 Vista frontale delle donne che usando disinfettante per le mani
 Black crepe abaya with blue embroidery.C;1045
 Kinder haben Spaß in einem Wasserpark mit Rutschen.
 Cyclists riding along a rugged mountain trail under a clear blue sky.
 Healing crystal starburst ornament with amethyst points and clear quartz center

-*-

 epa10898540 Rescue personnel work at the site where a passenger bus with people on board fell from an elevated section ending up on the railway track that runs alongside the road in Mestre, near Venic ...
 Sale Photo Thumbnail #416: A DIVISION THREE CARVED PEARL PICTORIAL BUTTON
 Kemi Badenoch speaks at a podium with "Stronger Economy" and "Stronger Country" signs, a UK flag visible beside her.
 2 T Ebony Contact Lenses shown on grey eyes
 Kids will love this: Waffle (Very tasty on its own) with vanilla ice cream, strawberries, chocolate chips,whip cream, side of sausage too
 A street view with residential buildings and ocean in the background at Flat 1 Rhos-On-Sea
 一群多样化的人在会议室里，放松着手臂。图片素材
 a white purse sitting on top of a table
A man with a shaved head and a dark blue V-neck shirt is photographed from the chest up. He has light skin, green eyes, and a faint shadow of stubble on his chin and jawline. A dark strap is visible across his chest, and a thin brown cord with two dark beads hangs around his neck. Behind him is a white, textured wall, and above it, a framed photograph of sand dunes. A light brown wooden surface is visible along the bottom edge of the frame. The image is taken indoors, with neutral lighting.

-*-

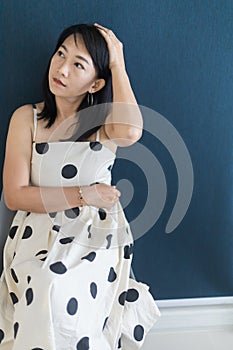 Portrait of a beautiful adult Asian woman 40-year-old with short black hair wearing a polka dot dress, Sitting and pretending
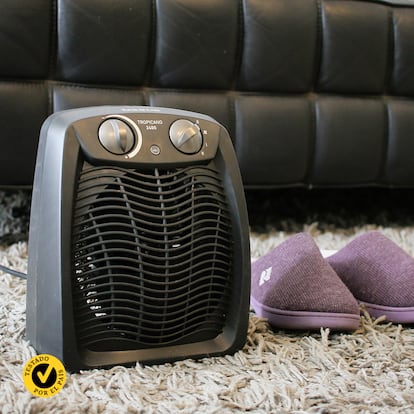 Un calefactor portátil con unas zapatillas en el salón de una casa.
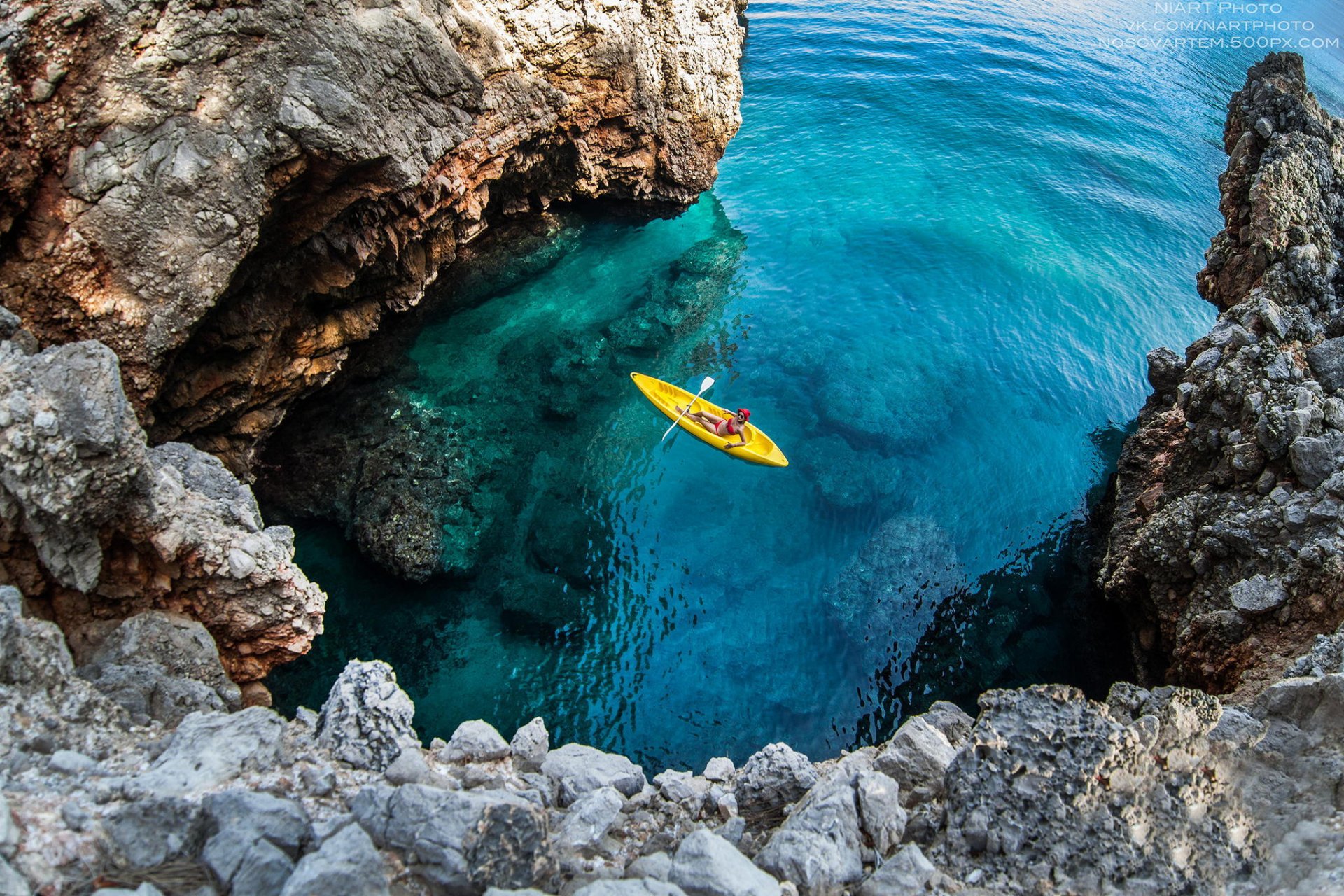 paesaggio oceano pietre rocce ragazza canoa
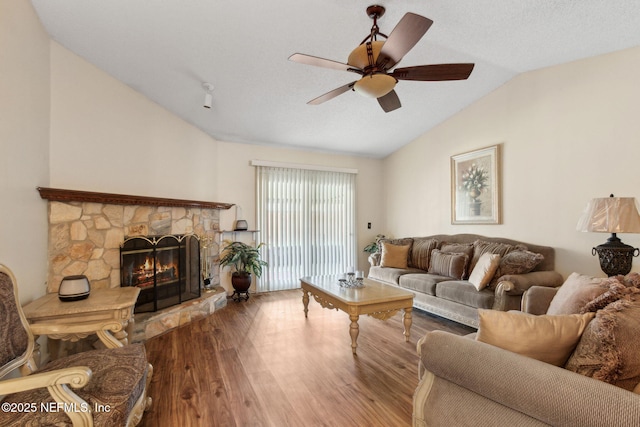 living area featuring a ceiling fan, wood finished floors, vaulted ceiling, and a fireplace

-*-

What is required >>
Print the lines above from the one with "Vista frontale delle" through the one with "Healing crystal starburst", both included, exactly as written and nothing more.

Your solution >>
 Vista frontale delle donne che usando disinfettante per le mani
 Black crepe abaya with blue embroidery.C;1045
 Kinder haben Spaß in einem Wasserpark mit Rutschen.
 Cyclists riding along a rugged mountain trail under a clear blue sky.
 Healing crystal starburst ornament with amethyst points and clear quartz center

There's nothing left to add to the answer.